AI agents are powerful and useful, but they also present certain dangers. If you let an AI agent write most of your code, you risk creating a codebase that you won’t remember in the long run. Worse yet, if you don’t ask the agent to document its work, you could end up with a mess that is difficult to reason about. Personally, I remember all the code I’ve written and thought about deeply. While an agent can significantly reduce development time by doing the heavy lifting, I find that because I didn’t exert the mental effort myself, I don’t remember the details as minutely as when I write the code from scratch.

However, not using AI agents or some form of AI assistance is not an option either, as it would likely lead to a significant drop in productivity and longer shipping times. So, what should we do?

I can already foresee a significant problem for people who use AI for more than 80% of their work: muscle atrophy. It would be just like the fate of humans in the movie Wall-E.

wall-e-humans

They became totally atrophied and unable to walk because they didn’t use their muscles anymore. Who is to guarantee that the same fate doesn’t await us if we stop using our brains?

This is the biggest conflict I have. While there are dangers in using AI extensively, there is also a loss in not using it. Personally, I want AI to become like Jarvis, doing the heavy lifting for monotonous tasks that don’t spark creativity. At the same time, it should be dependable and correct most of the time, giving me the time and scope to be creative and tackle the hard bits.

The question is: how can we achieve this with current tooling?

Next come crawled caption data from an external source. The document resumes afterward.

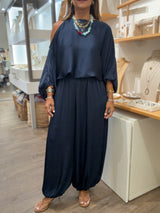 Navy Cold Shoulder Top & Harem Pants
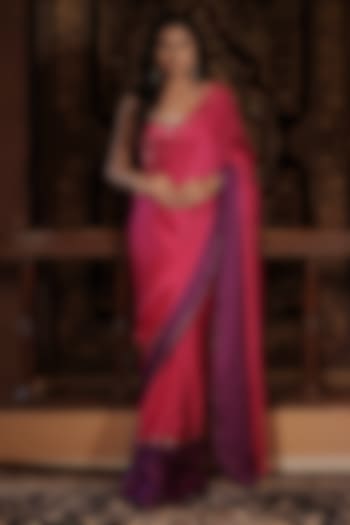 Pink Organza Satin Pita Work Wedding Saree Set by VANA ETHNICS at Pernia's Pop Up Shop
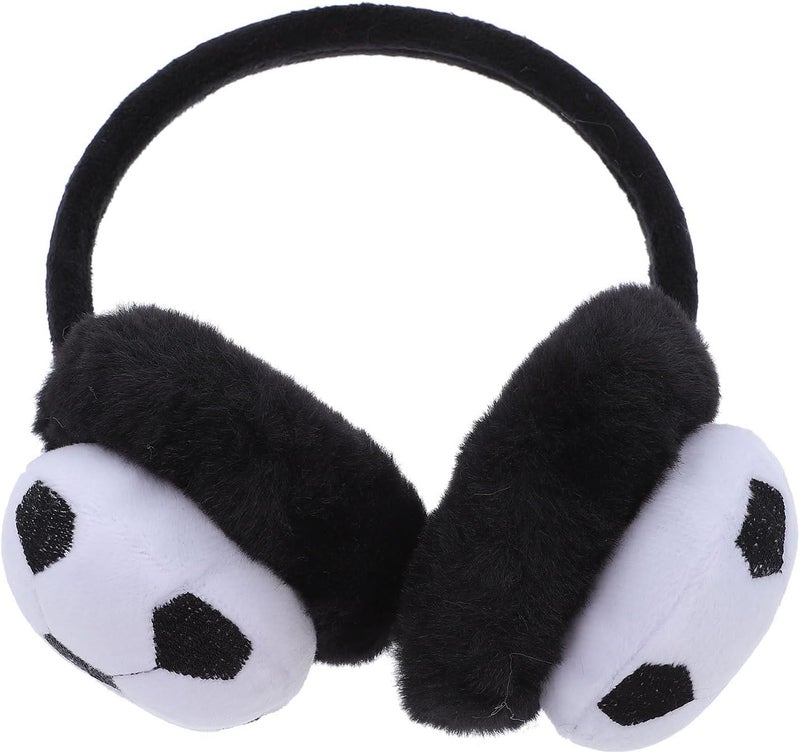 ’s Plush Football Earmuff Black White, Winter Warm Ear Protector Soft Ear Cover for Boys Cold Weather Outdoor Use - Image 1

  • AI-Powered Research: By using tools like ChatGPT and Google AI Studio for deep research, one can accumulate a wealth of information and learn it thoroughly. This would have taken much more time in the pre-AI era. Go deep with this research so you can spot when an agent f**ks up, because you will have the theory to back your judgment. Also, one should always download the research as Markdown or PDF files and maintain a local knowledge repository, even backing it up to Git.

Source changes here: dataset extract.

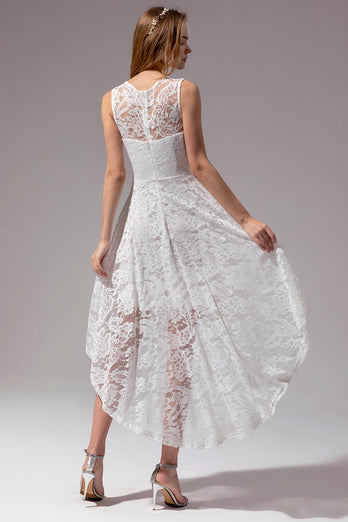 Biały plus rozmiar asymetrii koronkowa sukienka imprezowa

  • Code Implementation: Think about the implementation in great detail and write some code and tests. Get the AI to write the boilerplate exactly to your liking, and then you can write the non-trivial bits. If you’re getting an AI to write functions or other pieces of code, have it write tests to validate what it wrote, so that it’s covered for any future refactoring.

  • Vigilant Review: Never blindly trust the code an AI has written. Even if it looks good on the surface, go deep into the implementation and refactor where needed. No model, however strong, is equally capable in all languages and frameworks.

  • Continuous Learning: While AI shortens the time for writing features and bug fixes, use that free time to learn more and go deeper. If you want job security, in-depth knowledge of the business logic is your only protection.

  • Intelligent Tooling: Use AI as an elaborate linter, code reviewer, and security analyst. It is seriously great at that. It can also be helpful with performance work, given the extensive training and exposure it has that you might not have.

I firmly believe that people with a strong foundational knowledge of languages and stacks, extensive experience building things, and a good grip on AI—knowing how much and when to use it—will smoke many inexperienced and inefficient developers. Your biggest threat is not AI, but good developers armed with the superpower of AI.

The next 12-24 months will be critical as many companies integrate AI agents into their main workflows.

Anything that can be automated by AI agents will be automated by AI agents.